START INFORMATION

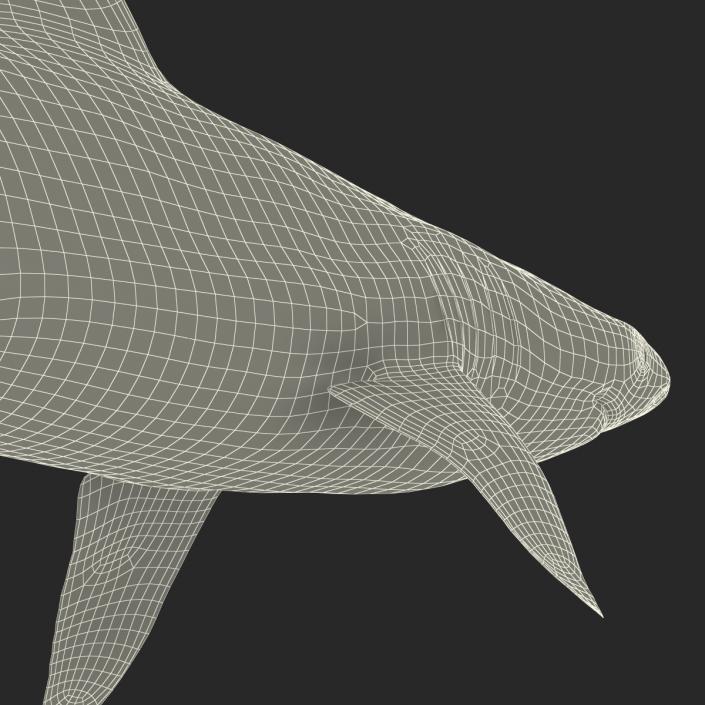 3D Sandbar Shark model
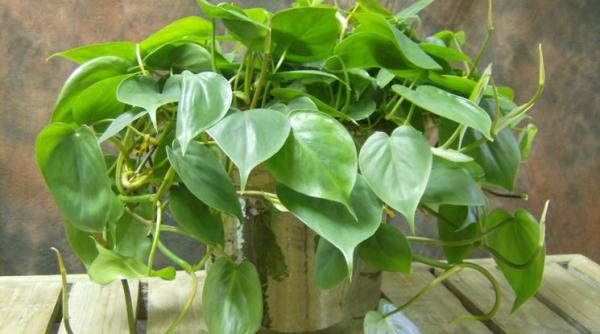 5 plante de apartament greu de ucis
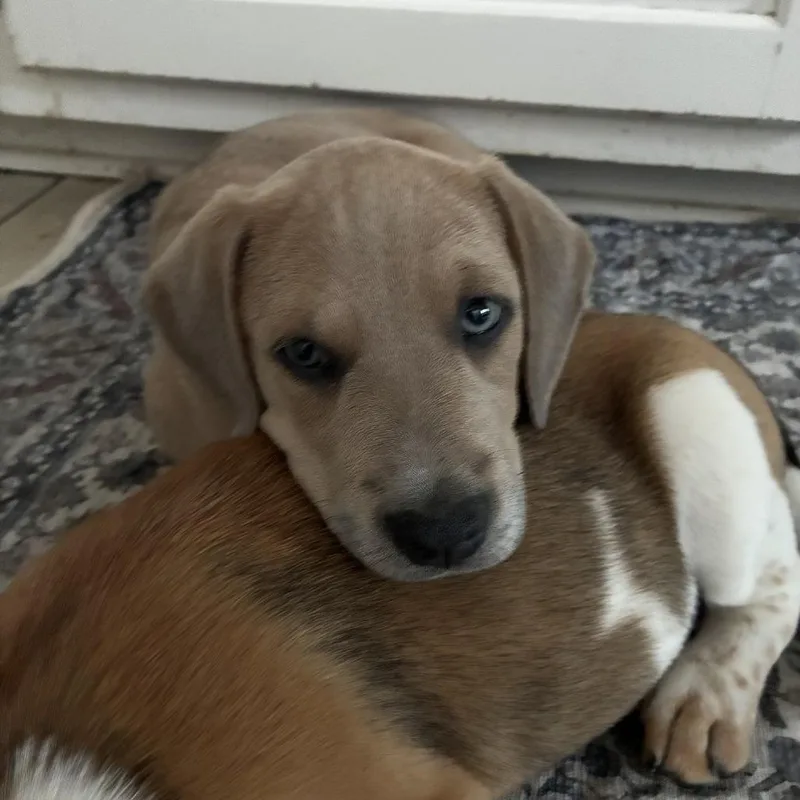 A baby small-sized female Labrador Retriever dog named Beth for adoption in Cordova, TN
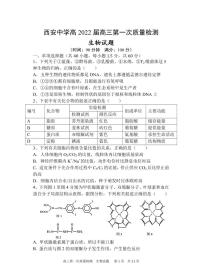 2022届陕西省西安中学高三上学期第一次月考生物 试题 PDF版含答案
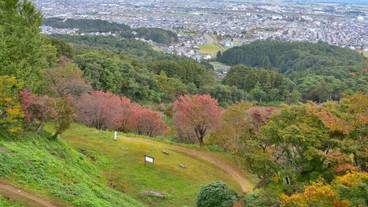 観光スポット / 6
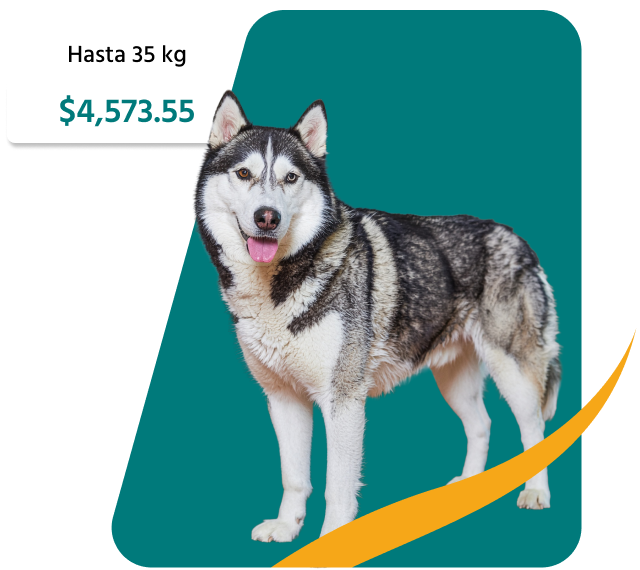 PetsAngel_Servicios_Imagen_04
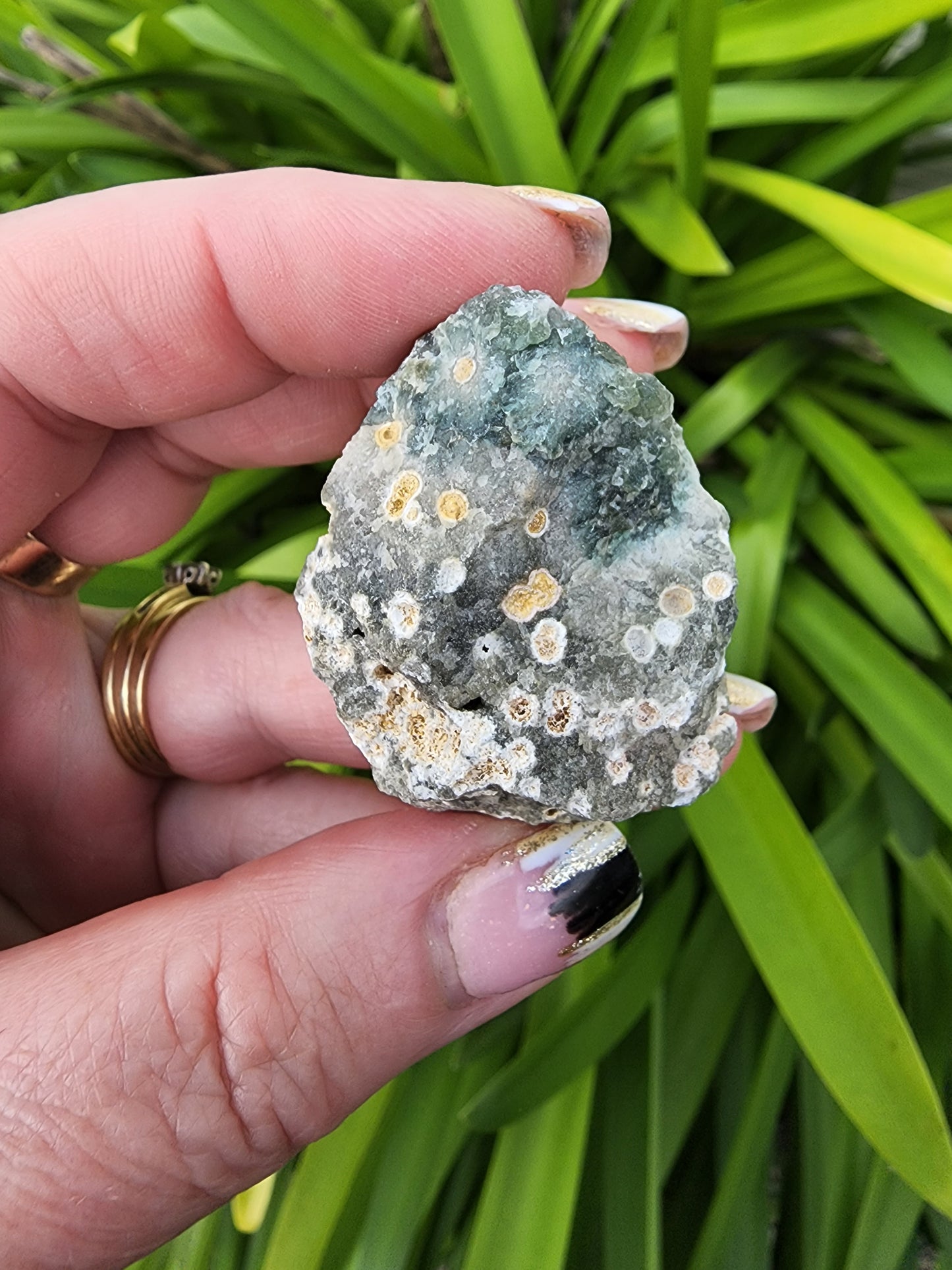 Ocean Jasper Rough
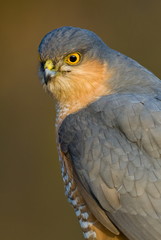 Sparrowhawk portrait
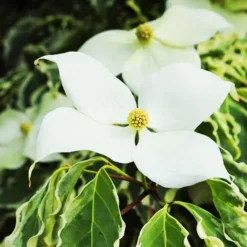 Blue Ray™ Kousa Dogwood 7 Blue Ray™ Kousa Dogwood -The Tree Center Blue Ray Kousa Dogwood 1 copy jpg webp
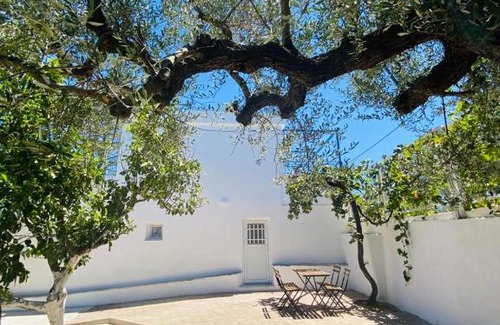Elea Apartment | Olive tree cottage
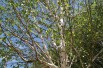Himalayan Birch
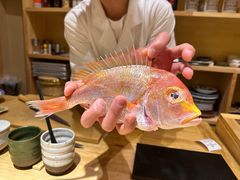 -镹·鱼料理  国产鱼使用店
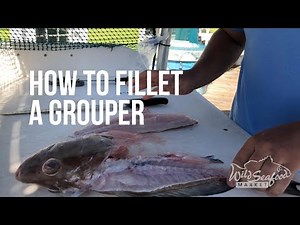How to Fillet a Grouper Fish | Most Meat, No Bones | Plus Cheeks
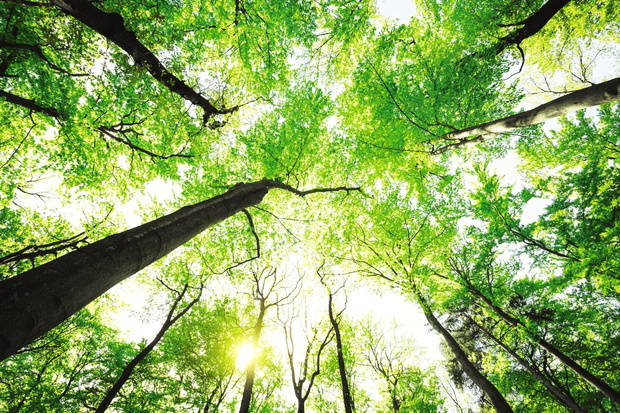 Beech Forest From Below
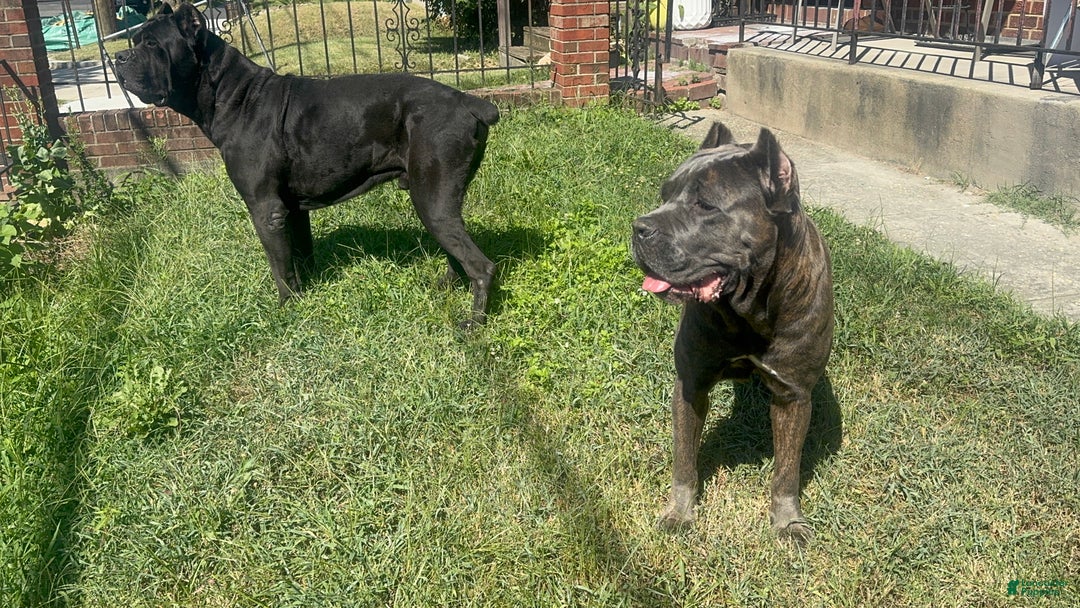 Cane Corso dogs for sale: Cane Corso Puppy 4 - Ad 14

END INFORMATION

**TRY IT**. Pictures are to be left out when the lines from the one containing "PetsAngel_Servicios_Imagen_04" through the end of the records above are repeated exactly; no other line is wanted.

**OUTPUT FOR THIS TASK**.
 PetsAngel_Servicios_Imagen_04
 Ocean Jasper Rough
 Sparrowhawk portrait
 Blue Ray™ Kousa Dogwood 7 Blue Ray™ Kousa Dogwood -The Tree Center Blue Ray Kousa Dogwood 1 copy jpg webp
Elea Apartment | Olive tree cottage
Himalayan Birch
 -镹·鱼料理  国产鱼使用店
How to Fillet a Grouper Fish | Most Meat, No Bones | Plus Cheeks
 Beech Forest From Below
 Cane Corso dogs for sale: Cane Corso Puppy 4 - Ad 14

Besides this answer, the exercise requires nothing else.